13 tahun berjalan, ratusan anak telah ia didik. Fasilitas yang sangat terbatas tak menjadi penghalang baginya untuk menjalankan misi mulia. Berbagai kemajuan telah terjadi di sekolah itu. Anak-anak semakin banyak yang berprestasi dan lebih hebatnya lagi perilaku anak-anak semakin beradab. Ruang kelasnya juga diisi oleh berbagai karya hasil pembelajaran yang dibuat dari bahan-bahan bekas dan benda alam. Mengingat momen pembangkangan beberapa tahun silam, salah satu yang menarik bahwa saat ini, di ruangan kelas tersebut, dapat dilihat juga kertas yang berisi poin-poin “Kesepakatan Kelas” yang Bu Sutinah buat bersama murid-muridnya, juga ditanda tangani oleh para wali murid. Suatu hal yang mungkin tidak akan terjadi di SDN Tokelemo jika 13 tahun yang lalu Bu Sutinah memutuskan untuk berhenti menjadi guru.

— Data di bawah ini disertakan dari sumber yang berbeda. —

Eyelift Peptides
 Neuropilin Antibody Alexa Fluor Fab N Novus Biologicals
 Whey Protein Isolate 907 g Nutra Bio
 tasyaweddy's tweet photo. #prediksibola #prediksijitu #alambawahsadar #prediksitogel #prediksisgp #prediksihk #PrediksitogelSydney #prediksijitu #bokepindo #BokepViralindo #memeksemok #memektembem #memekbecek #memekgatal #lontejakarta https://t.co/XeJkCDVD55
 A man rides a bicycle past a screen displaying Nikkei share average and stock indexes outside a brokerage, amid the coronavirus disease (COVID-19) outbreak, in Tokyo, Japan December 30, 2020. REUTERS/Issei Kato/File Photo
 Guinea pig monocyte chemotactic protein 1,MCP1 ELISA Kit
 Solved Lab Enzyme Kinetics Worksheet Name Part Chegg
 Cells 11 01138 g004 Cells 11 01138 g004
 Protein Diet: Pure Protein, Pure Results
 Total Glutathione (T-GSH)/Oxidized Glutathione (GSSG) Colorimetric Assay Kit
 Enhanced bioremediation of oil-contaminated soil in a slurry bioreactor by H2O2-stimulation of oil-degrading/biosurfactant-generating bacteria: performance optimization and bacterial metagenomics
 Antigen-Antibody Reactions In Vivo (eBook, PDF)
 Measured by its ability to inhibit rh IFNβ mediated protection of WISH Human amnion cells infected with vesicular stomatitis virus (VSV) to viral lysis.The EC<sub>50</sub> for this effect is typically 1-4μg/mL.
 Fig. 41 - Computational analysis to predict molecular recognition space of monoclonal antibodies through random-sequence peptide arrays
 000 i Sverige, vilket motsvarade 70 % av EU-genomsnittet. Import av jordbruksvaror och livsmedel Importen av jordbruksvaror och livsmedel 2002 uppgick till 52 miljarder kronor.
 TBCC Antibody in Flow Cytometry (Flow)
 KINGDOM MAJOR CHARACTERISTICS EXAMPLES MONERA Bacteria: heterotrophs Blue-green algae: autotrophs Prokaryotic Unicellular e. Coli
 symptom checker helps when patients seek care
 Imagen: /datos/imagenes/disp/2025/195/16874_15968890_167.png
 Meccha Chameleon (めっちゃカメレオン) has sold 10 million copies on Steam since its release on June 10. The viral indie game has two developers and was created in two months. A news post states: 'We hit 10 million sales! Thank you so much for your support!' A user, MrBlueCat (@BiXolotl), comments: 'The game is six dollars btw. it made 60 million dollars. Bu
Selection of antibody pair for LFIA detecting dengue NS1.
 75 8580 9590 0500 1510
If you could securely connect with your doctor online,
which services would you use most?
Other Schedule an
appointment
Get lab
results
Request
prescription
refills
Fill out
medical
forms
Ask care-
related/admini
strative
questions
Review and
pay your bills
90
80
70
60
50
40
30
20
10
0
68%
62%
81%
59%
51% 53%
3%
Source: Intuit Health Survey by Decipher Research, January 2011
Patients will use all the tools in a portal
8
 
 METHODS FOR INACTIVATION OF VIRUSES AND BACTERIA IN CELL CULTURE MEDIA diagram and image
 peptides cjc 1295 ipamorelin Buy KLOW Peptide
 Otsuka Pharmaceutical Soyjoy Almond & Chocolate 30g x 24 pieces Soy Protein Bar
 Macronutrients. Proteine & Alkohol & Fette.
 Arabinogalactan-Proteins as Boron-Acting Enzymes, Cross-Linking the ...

Kini, Bu Sutinah masih fokus menggerakkan sekolahnya dan meningkatkan kapasitas dirinya. Ia juga mengikuti program Pendidikan Guru Penggerak dengan tujuan agar ia dapat terus meningkatkan kualitas dirinya dan sekolahnya. Ia memahami bahwa guru yang berhak mengajar adalah guru yang tak pernah berhenti belajar, maka berbagai ruang pembelajaran terus ia cari. Bu Sutinah juga sering bekerja sama dan bertukar ilmu dengan berbagai pihak. Perlahan, Bu Sutinah mulai mengalihkan fokusnya menjadi menggerakkan para guru SDN Tokelemo agar bisa berdaya dan memberdayakan. Ia percaya bahwa perluasan lingkar pengaruh diperlukan agar kebaikan dapat terus diduplikasi. Tujuannya tentunya untuk anak-anak orang itu, yang telah ia anggap sebagai anak-anaknya sendiri.
***
Tak terasa cukup panjang percakapan kami, penuh inspirasi, tetapi harus terhenti karena Bu Sutinah harus kembali mengajar. Selain berbagi cerita, kami pun bersepakat untuk mengadakan kolaborasi dalam berbagai hal. Kami bangkit dari kursi dan berjalan keluar menuju lapangan. Saya ikut menyapa para murid sebelum akhirnya berpamitan. Sebelum berpisah, Bu Sutinah menyampaikan bahwa ia merasa perlu belajar banyak dari Pengajar Muda. Karakter orang berilmu telah melekat padanya, selalu merasa perlu belajar, padahal orang lain yang seharusnya belajar darinya. Aku pun hanya tersenyum dan menunduk, agar mataku yang mulai berair tak terlihat olehnya.
***
Oh iya, lalu bagaimana kondisi anak yang mengancam Bu Sutinah dengan parang 13 tahun lalu?. Saat ini, ia sudah lulus dan bekerja di salah satu perusahaan ternama. Ia pun sering menyempatkan hadir ke SDN Tokelemo untuk bertemu Bu Sutinah. Tak jarang ia mengucapkan maaf atas kelancangannya di masa lampau, walaupun kemurnian hati Bu Sutinah tak pernah memberi ruang bagi rasa dendam. Anak tersebut menjadi bukti keberhasilan pendidikan yang Bu Sutinah terapkan, pendidikan penuh keikhlasan dan optimisme. Begitu pula anak-anak lainnya yang mendapatkan haknya atas pendidikan yang berkualitas, karena Bu Sutinah memutuskan untuk ambil peran.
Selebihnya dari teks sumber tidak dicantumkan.